- Origin: Poland
- Genres: Grunge; alternative rock; alternative metal; hard rock; pop rock;
- Years active: 1994–2003
- Labels: MJM Music PL, Columbia Records, Sony Music Entertainment Poland
- Past members: Grzegorz Skawiński Waldemar Tkaczyk Zbigniew Kraszewski Wojciech Horny Agnieszka Chylińska

= O.N.A. =

Polish rock band

O.N.A. was a Polish rock band formed in 1994.

The band was formed by musicians who had previously played together: Skawiński and Tkaczyk were in a band named Kombi; Kraszewski previously played in Kombi and TSA.

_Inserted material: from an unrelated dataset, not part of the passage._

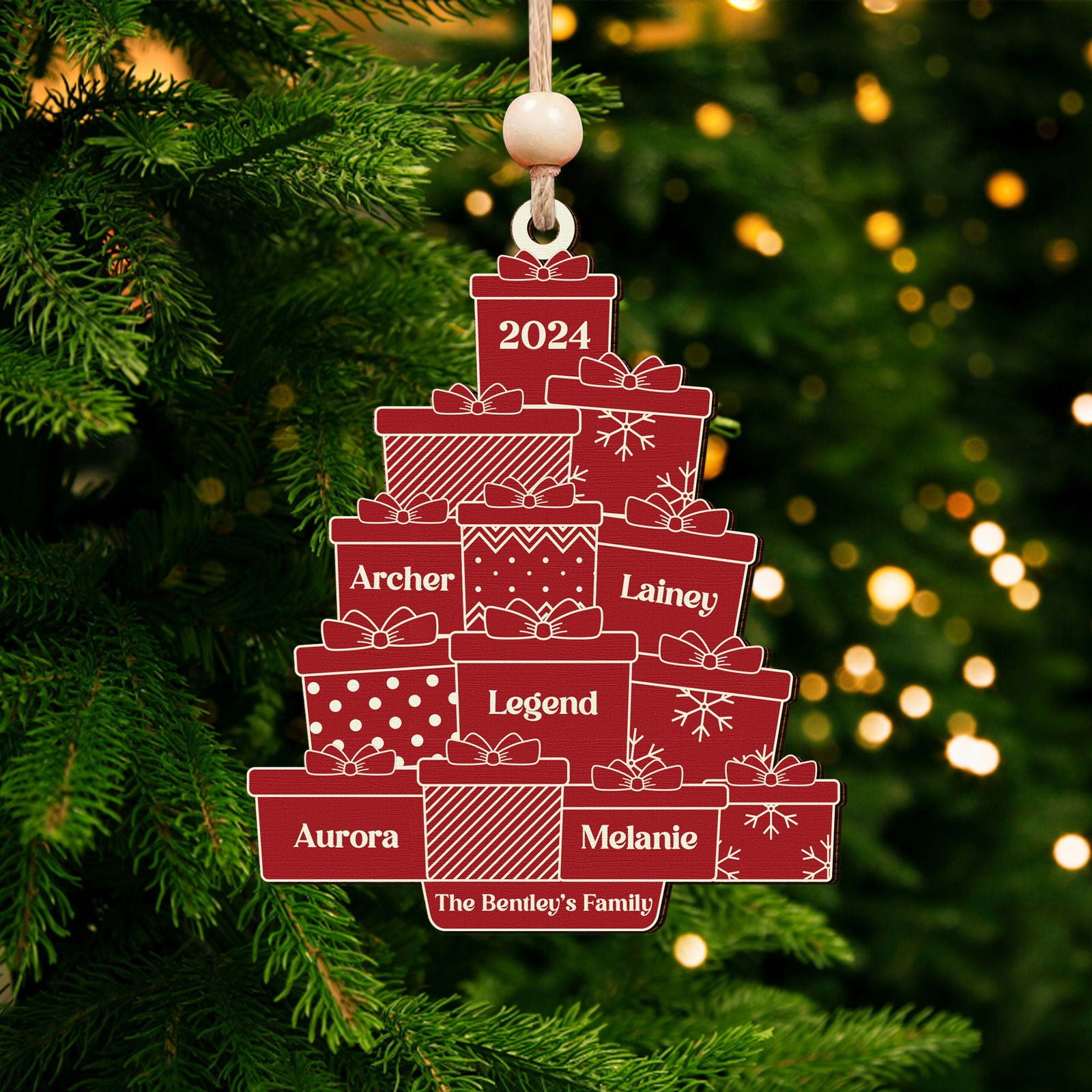 Personalized Family Christmas Ornament, Custom Christmas Tree Ornament with Family Names CF705 - Kindlytoys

Grzegorz Skawiński was the leader of the band and the composer. Agnieszka Chylińska was the lyric writer and the vocalist.

== Discography ==

=== Albums ===

| Title | Album details | Peak chart positions | Sales | Certifications |
POL
| Modlishka | Released: 25 May 1995; Label: MJM Music PL; Formats: CD, CS; | 47 | POL: 100,000+; | POL: Gold; |
| Bzzzzz | Released: 21 September 1996; Label: Columbia Records Poland; Formats: CD, CS; | — | POL: 400,000+; | POL: 2× Platinum; |
| T.R.I.P. | Released: 1 May 1998; Label: Columbia Records Poland; Formats: CD, CS; | — | POL: 100,000+; | POL: Platinum; |
| Pieprz | Released: 23 November 1999; Label: Columbia Records Poland; Formats: CD, CS; | — | POL: 50,000+; | POL: Gold; |
| Mrok | Released: 29 October 2001; Label: Sony Music Poland; Formats: CD, CS; | 4 | POL: 50,000+; | POL: Gold; |
"—" denotes a recording that did not chart or was not released in that territory.

=== Compilations ===

| Title | Album details | Peak chart positions |
POL
| To naprawdę już koniec 1995–2003 | Released: 24 March 2003; Label: Sony Music Poland; Formats: CD, CD+DVD; | 30 |
"—" denotes a recording that did not chart or was not released in that territory.

=== Remix albums ===

| Title | Album details |
|---|---|
| re-T.R.I.P. | Released: 28 May 1998; Label: Columbia Records Poland; Formats: CD, CS; |

== O.N.A. in the movies ==
In 1997 two of the band's songs were featured in a movie Musisz żyć (You've Got to Live, directed by Konrad Szołajski, 2000): Białe ściany and Kiedy powiem sobie dość. The band members appeared as cameos in one of the scenes.

In 1997 also Mimo wszystko was featured on a soundtrack to the movie Młode Wilki 1/2 (Young Wolves 1/2), directed by Jarosław Zamojda.

Grzegorz Skawiński wrote music for the movie Ostatnia misja (Last Mission), directed by Wojciech Wójcik in 2000. There was also the song Moja odpowiedź on the soundtrack.